Las armas no matan / Jesús Hernández-Güero


Las armas no matan / Jesús Hernández-Güero


Texto de Gerardo Zavarce y Felix Suazo

En Venezuela, cuando alguien está en lo cierto o sigue la pista correcta, se dice que “por ahí van los tiros”.   Pero cuando de armas se trata, no hay que tomarse las cosas  a la ligera y dejarse de “pistoladas” porque cualquiera puede ser el blanco de un disparo. Según la Encuesta Nacional de Victimización realizada en el 2009 “La proporción de uso de armas de fuego en situaciones de victimización delictiva para los delitos de homicidio, robo y secuestro se eleva a 79,5%, 74% y 79,2%, respectivamente”[1].

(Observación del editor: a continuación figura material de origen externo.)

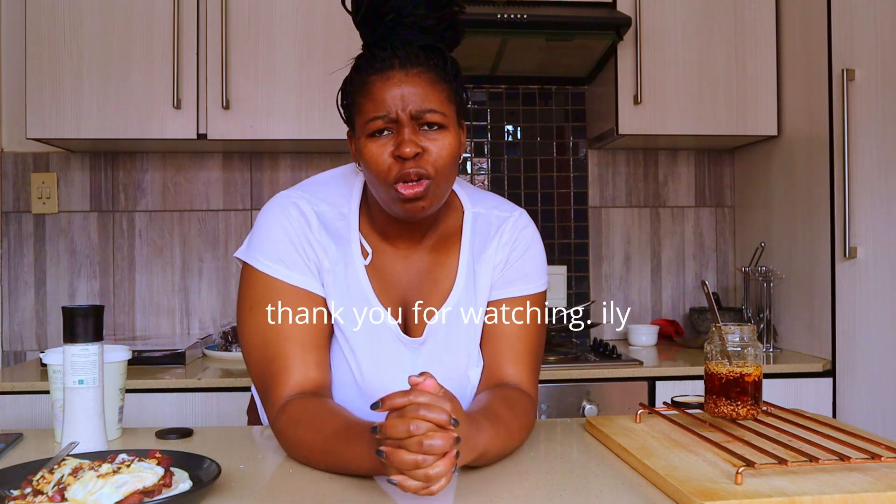And that is it for a few days of breakfast with Ambi. I hope you enjoyed this video. If you liked it, please press the thumbs up button and like the video. If you're new here, please subscribe. Thank you for joining me on Monosi. Bye-bye!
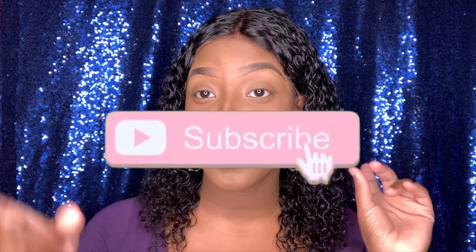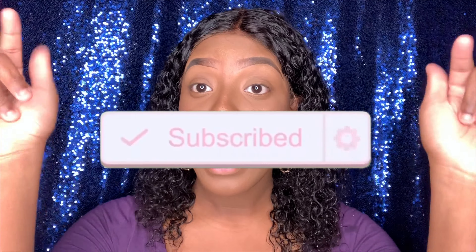Hey guys and welcome back to my channel. If you don't know who I am, my name is Kiava — nice to meet you all. If you're just stopping by, don't forget to hit the thumbs up button, subscribe to my channel, comment below, and click that bell. So today's video is a little different — as you guys can see my makeup is completely done but something is missing: my lashes.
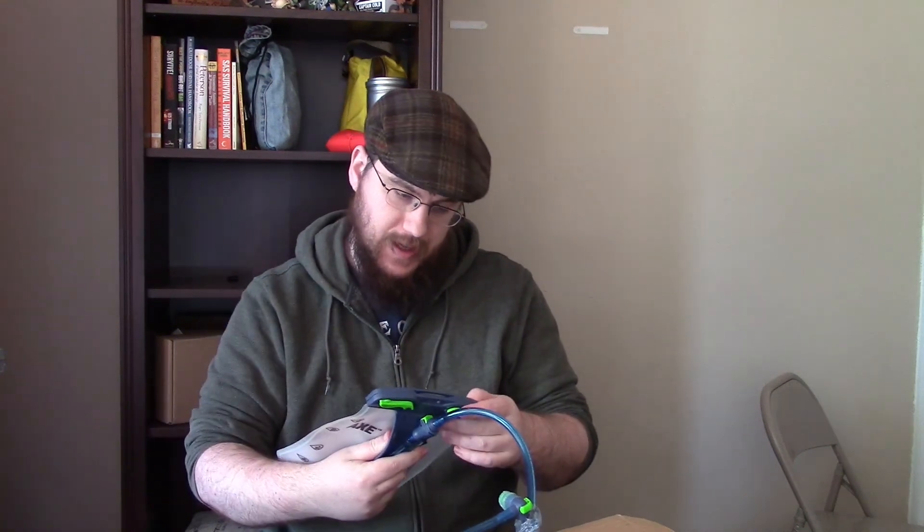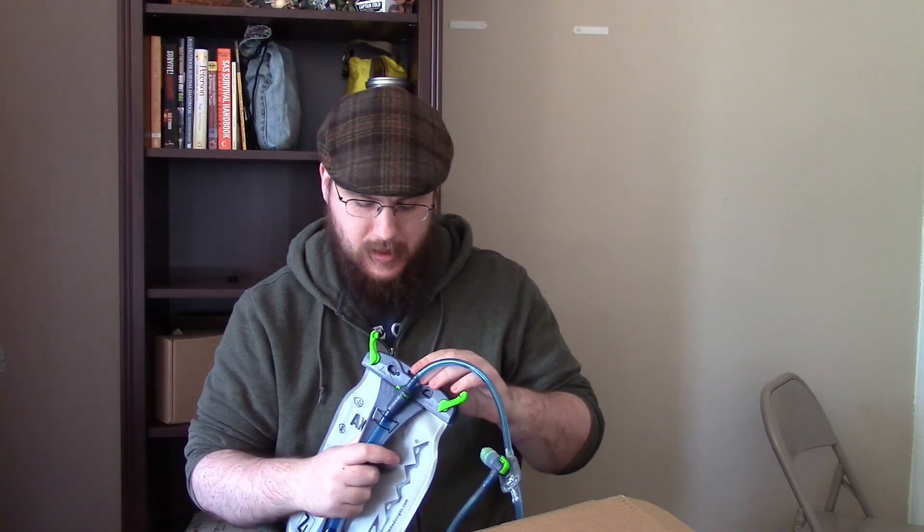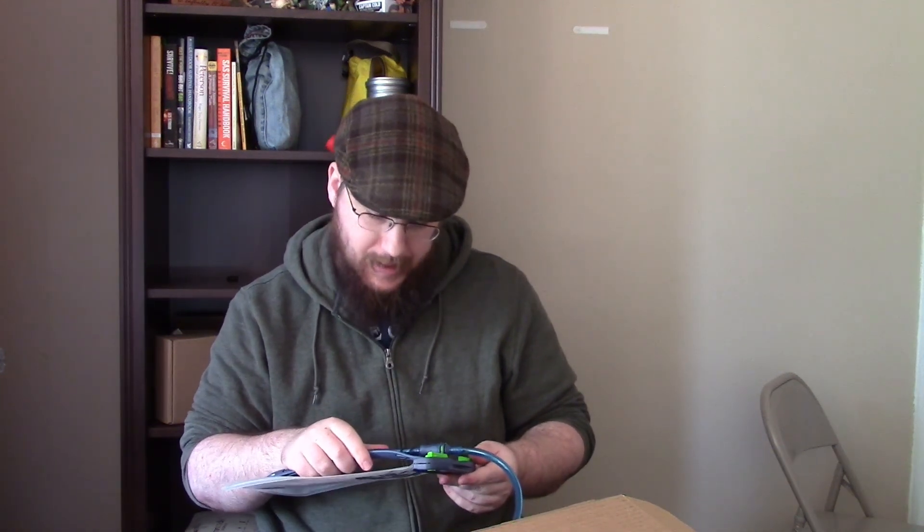I like the features of this and I kind of like the locking mechanism — how it has two points and I can open it up. It's kind of like a pin locking system. It's a two liter, so for a day hike this is a good one, whereas my 2.5 liter one would be good for an overnight hike type of situation. I don't mind having multiple hydration packs.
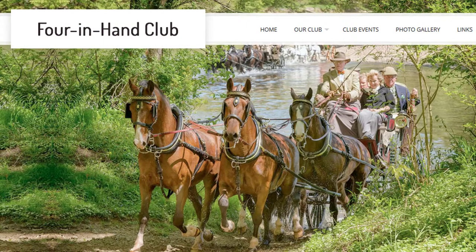The name of this knot is said to be derived from the four in hand club who made the knot fashionable. They are a club that runs four horses to pull their carts.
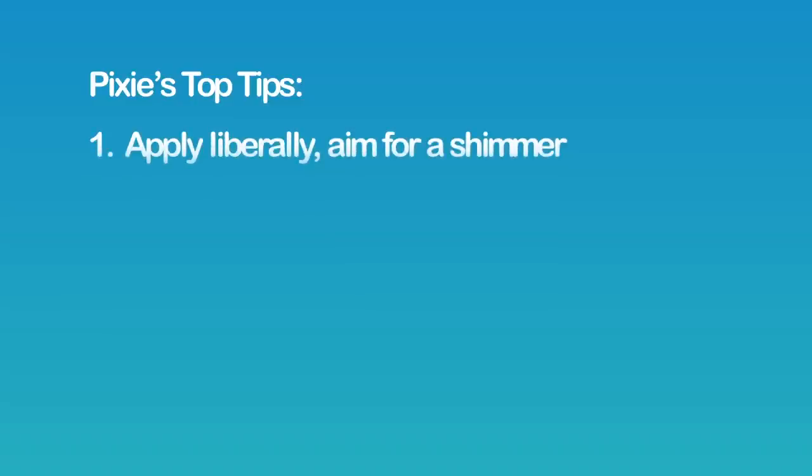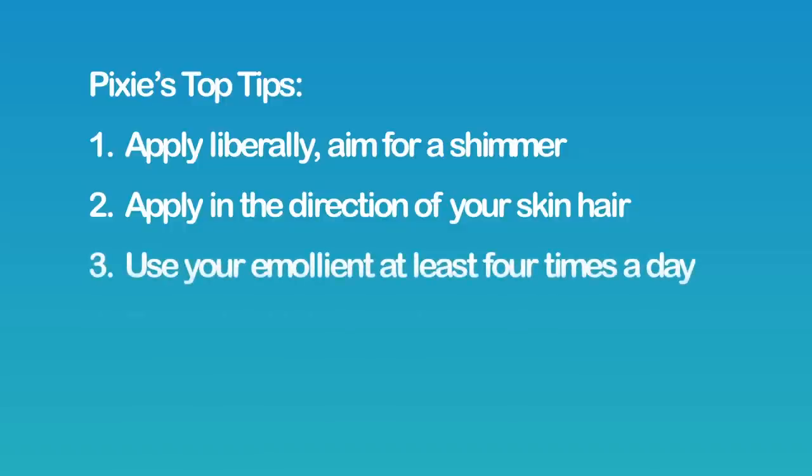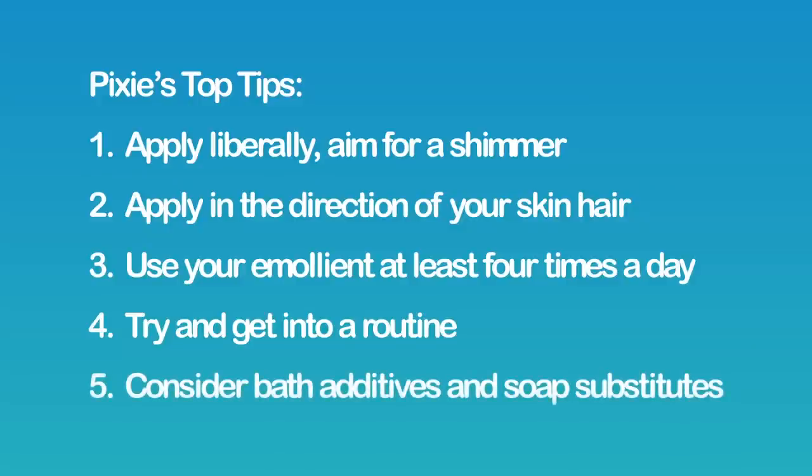Top tips for getting the best from your emollient: apply liberally aiming for a shimmer on your skin, apply in the direction of your skin hair, use your emollient at least four times a day, try to get into a routine, and consider bath additives and soap substitutes.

Enmarcado en ese panorama, la exposición “Las armas no matan” de Jesús Hernández-Güero (La Habana, 1983), nos coloca ante  un “arsenal” iconográfico, confeccionado a partir de informaciones recabadas en las páginas de sucesos, a propósito de diversos hechos delictivos, perpetrados con armamento de corto y mediano alcance. De allí resulta un inventario de pistolas, revólveres y rifles, cuya imagen impregnada de pólvora se reproduce serigráficamente sobre tela, cual si huebieran sido estampadas “a quema ropa”. En tal sentido, el artista propone una sintaxis cruzada donde el significado se deriva de la yuxtaposición estratégica de la materia y la imagen. 

La frase que da título al proyecto  abre una zona de ambigüedad discursiva, al afirmar algo que desde la óptica del sentido común parece insostenible. Paradójicamente, si nos apegamos de manera estricta al significado de las palabras, las pistolas impresas de Hernández-Güero “no matan”, de la misma manera en que la pipa pintada de Magritte no es una pipa. En su resolución instalatoria la propuesta de Hernández-Güero se desarrolla en un escenario oscilante, a medio camino entre el gabinete de un coleccionista de armas y un campo de tiro. Por un lado, los “hierros” están cuidadosamente dispuestos y jerarquizados en las paredes, siempre apuntando en la misma dirección. Por otro lado, el suelo está cubierto de casquillos vacíos  sobre los cuales debe caminar el espectador.  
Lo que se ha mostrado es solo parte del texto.